(578g) A Statistical Mechanical Model of Antimicrobial Peptide Action: Peptide Aggregation, Membrane Adsorption and Membrane Insertion Equilibria

Protegrin-1 (PG1) is a naturally-occurring peptide with strong antimicrobial properties and a promising outlook for therapeutic antibiotic use. Previous experimental studies have identified several key steps in the action of PG1, including peptide aggregation, adsorption to the surface of the cell membrane, and insertion into the hydrophobic membrane core. We present herein a quantitative model based on statistical mechanical considerations of these processes, as well as the potentials of mean force for peptide dimerization, adsorption and insertion, as computed from all-atom molecular dynamics simulations.

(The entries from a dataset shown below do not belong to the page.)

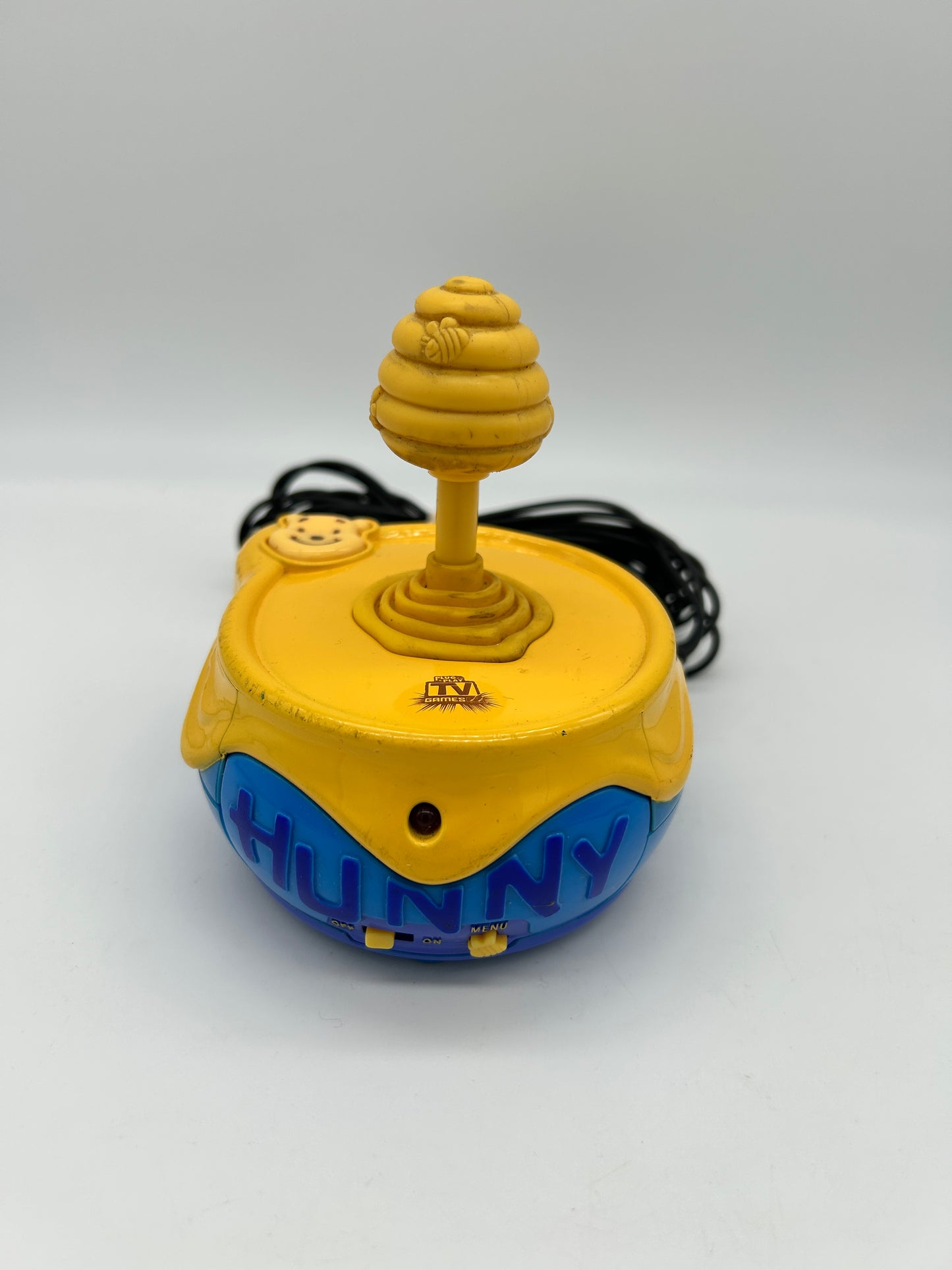 JAKKS PACIFiC PLUG AND PLAY TV GAMES CONSOLE | DiSNEY WiNNiE THE POOH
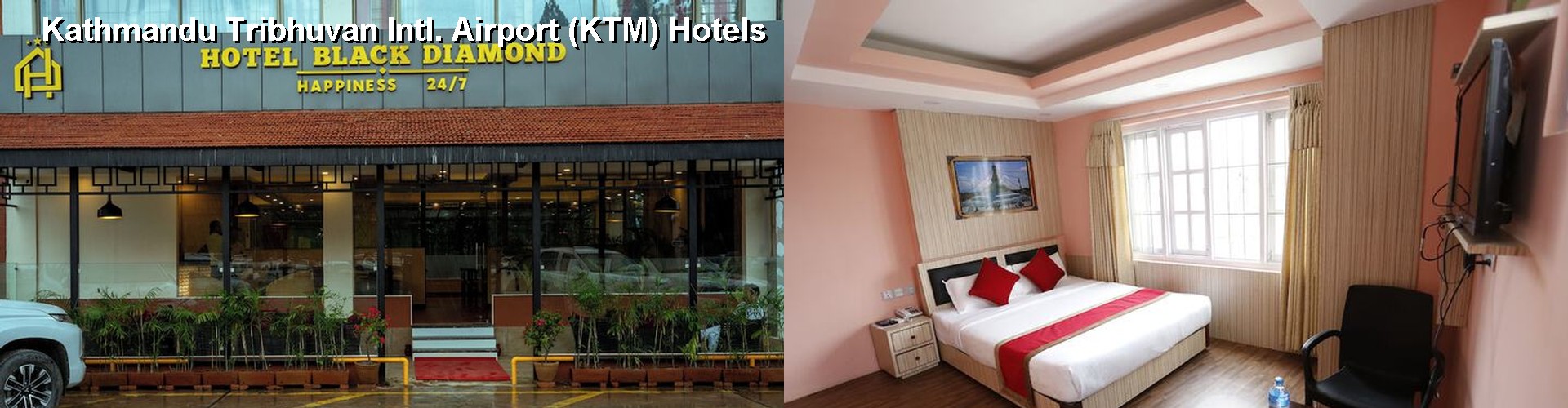 5 Best Hotels near Kathmandu Tribhuvan Intl. Airport (KTM)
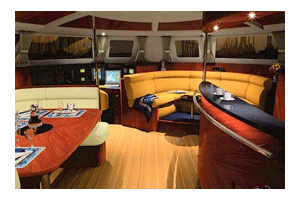 Katamaran Fountaine Pajot Eleuthera 60 MATA FENUA 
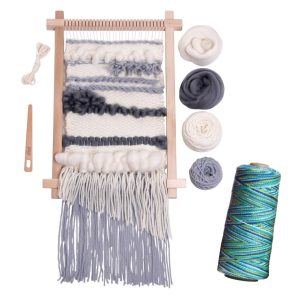 the Good yarn Weaving Starter Kit Mono WSK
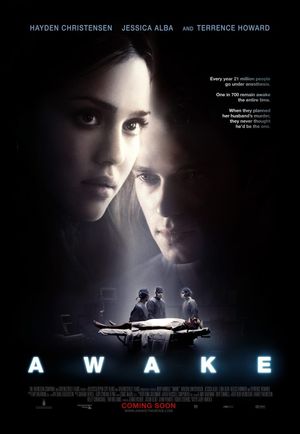 Awake's poster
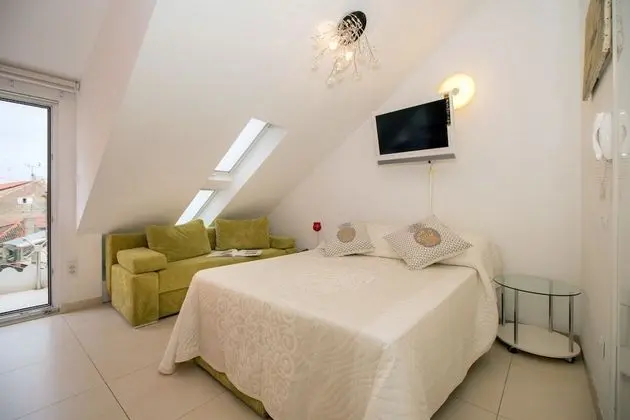 Luxury Apart Daire, 1 Yatak Odası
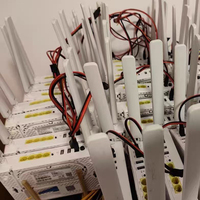 Produit phare d'occasion pour les marchés chinois : ONU GPON, ONU EPON, ONU PON, ONT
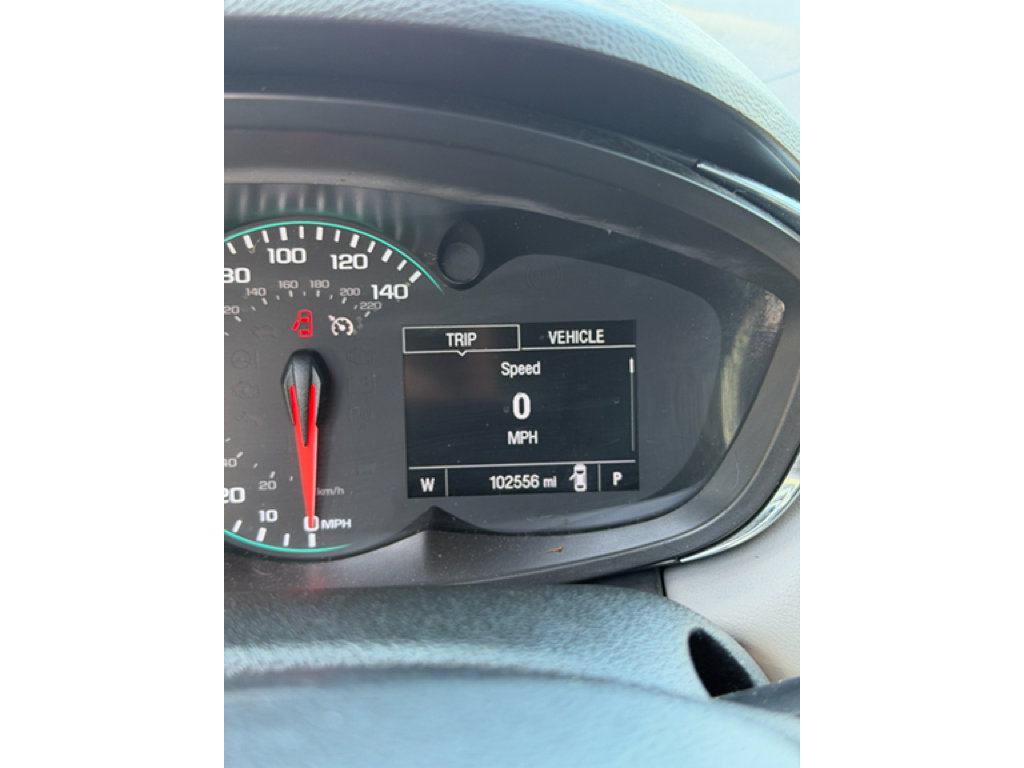 Used 2019 Chevrolet Trax LT w/ Driver Confidence Package AWD/4WD image 8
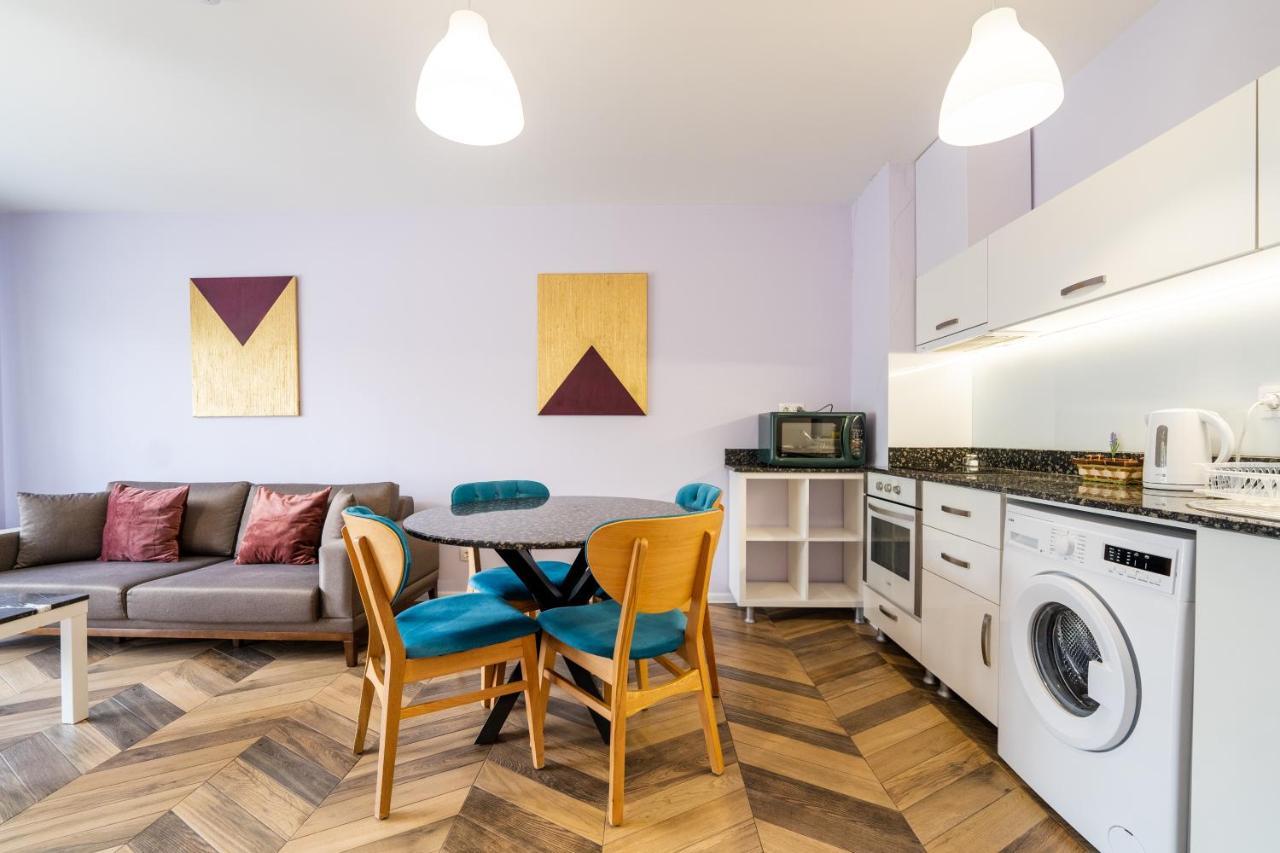 Sunny Apartment In Studentski Grad, Behind Unss Sofía Exterior foto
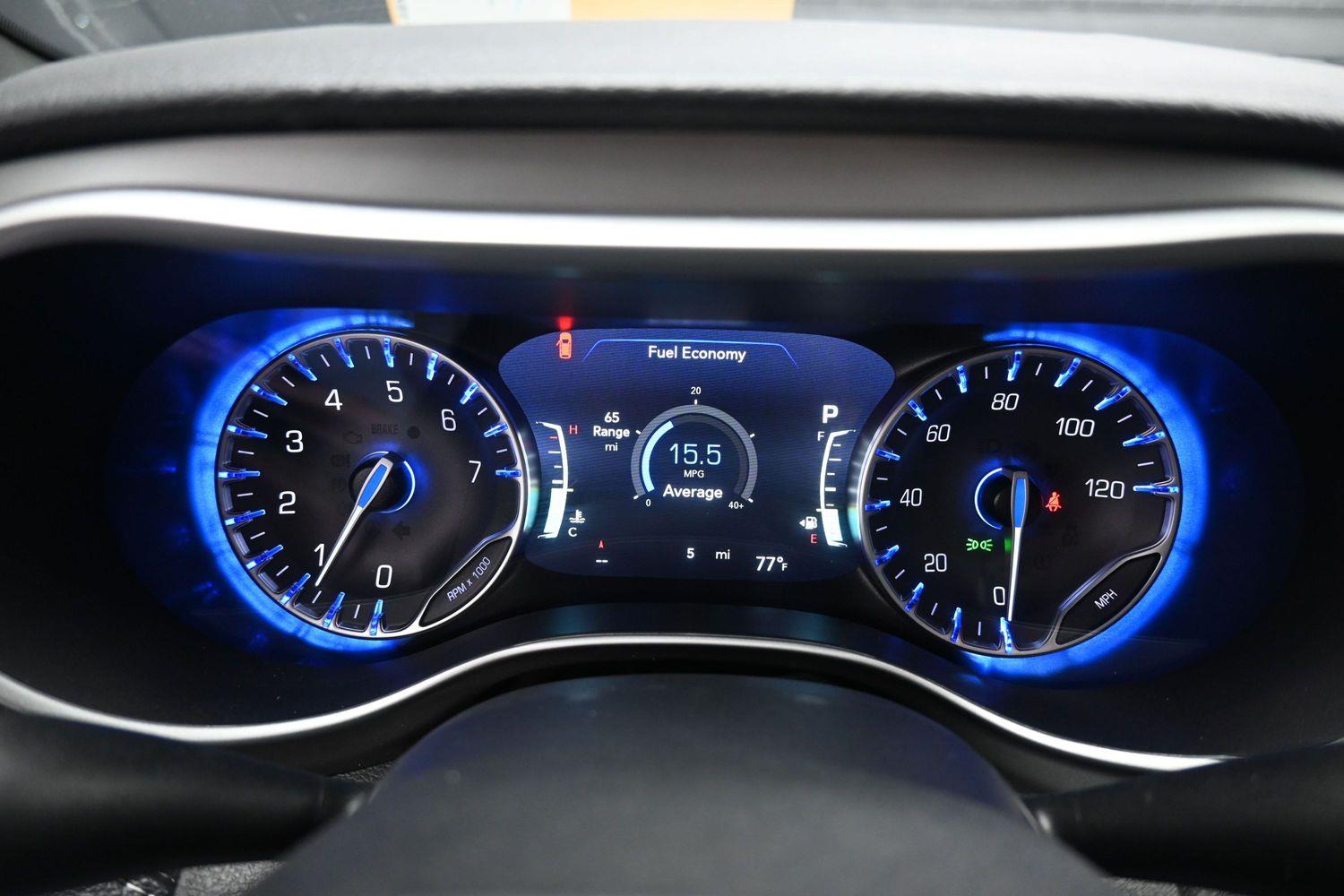 New 2027 Chrysler Pacifica Select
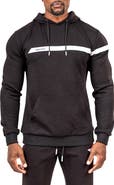 Maceoo Marthyr Logo Hoodie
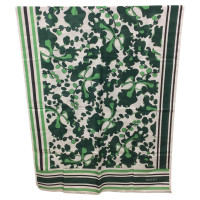 Gucci Green silk cloth
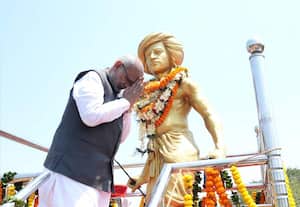 வழிகாட்டும் ஒளியாக திகழும் பிர்சா முண்டா; துணை ஜனாதிபதி ராதாகிருஷ்ணன் புகழாரம்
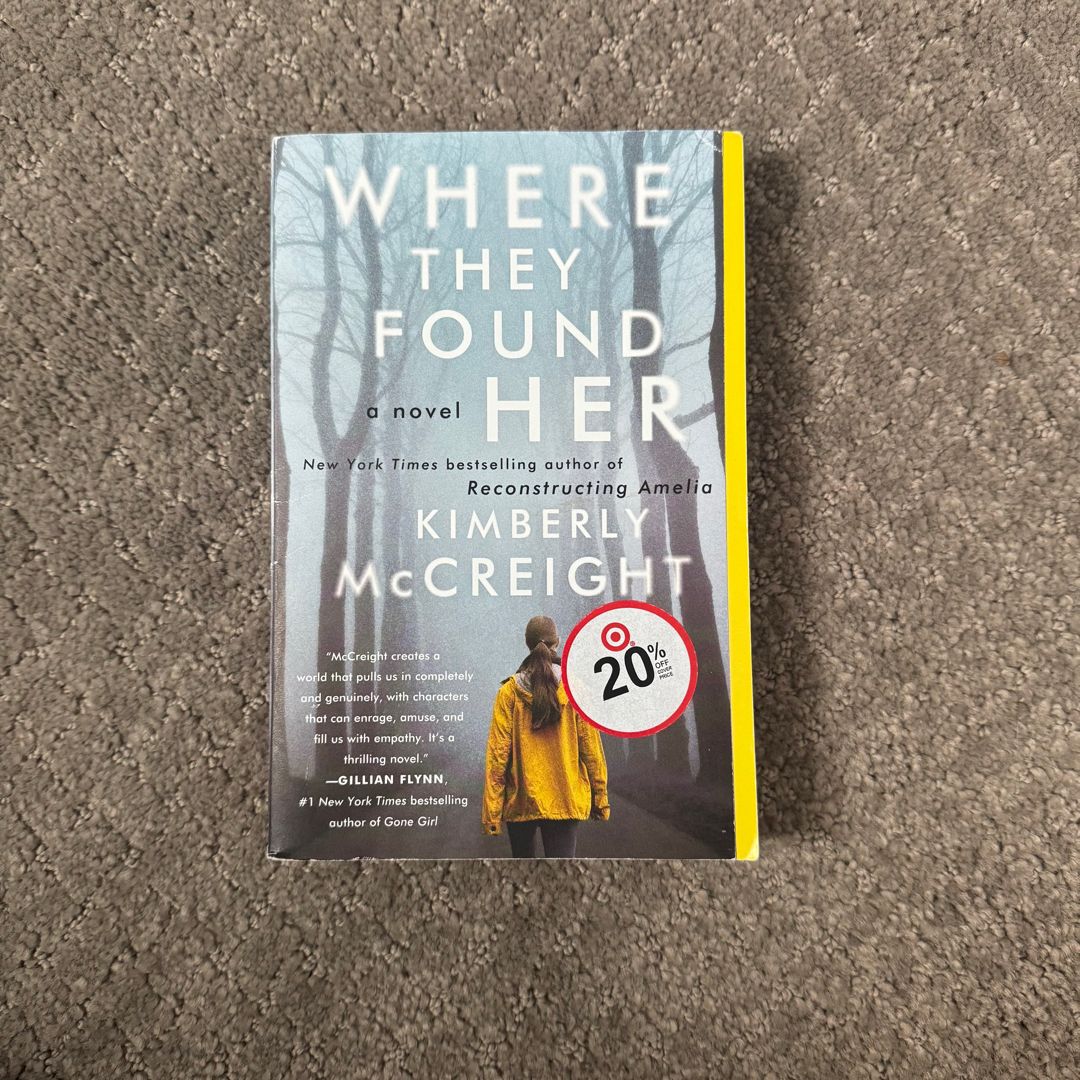 Where They Found Her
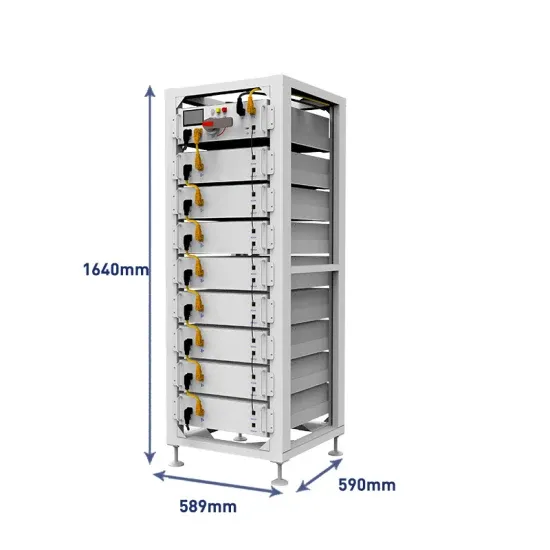 Photovoltaic Energy Storage User Outdoor Energy Storage Cabinet Off-Grid Type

We account for the effects of surface crowding and nonideal adsorption using the scaled particle theory (SPT) approach, and also account for the effects of membrane area expansion due to the insertion of peptides into the membrane core. The changes in the electrostatic potential at the surface and its effects on adsorption equilibria are treated using classical Gouy-Chapman theory. Our model provides the surface densities of adsorbed and inserted monomeric and dimeric peptides as a function of the total bulk solution concentration. Based on these results, we can compute the membrane fractional area expansion, which shows surprisingly good quantitative agreement with the corresponding results of Langmuir trough monolayer expansion experiments. From our model, we are able to conclude that the dominant state for protegrin peptides interacting with a membrane-like environment is the dimer form inserted in the membrane core. In addition to energetic driving forces, we find that surface crowding beyond certain values can act as a driving force for peptide insertion, which yields a maximum in the adsorption isotherm of any surface-bound species, and suggests a novel cooperative element in the action of this peptide. The modeling tools that we present herein are widely applicable to other antimicrobial peptide systems, and indeed any other protein-membrane systems.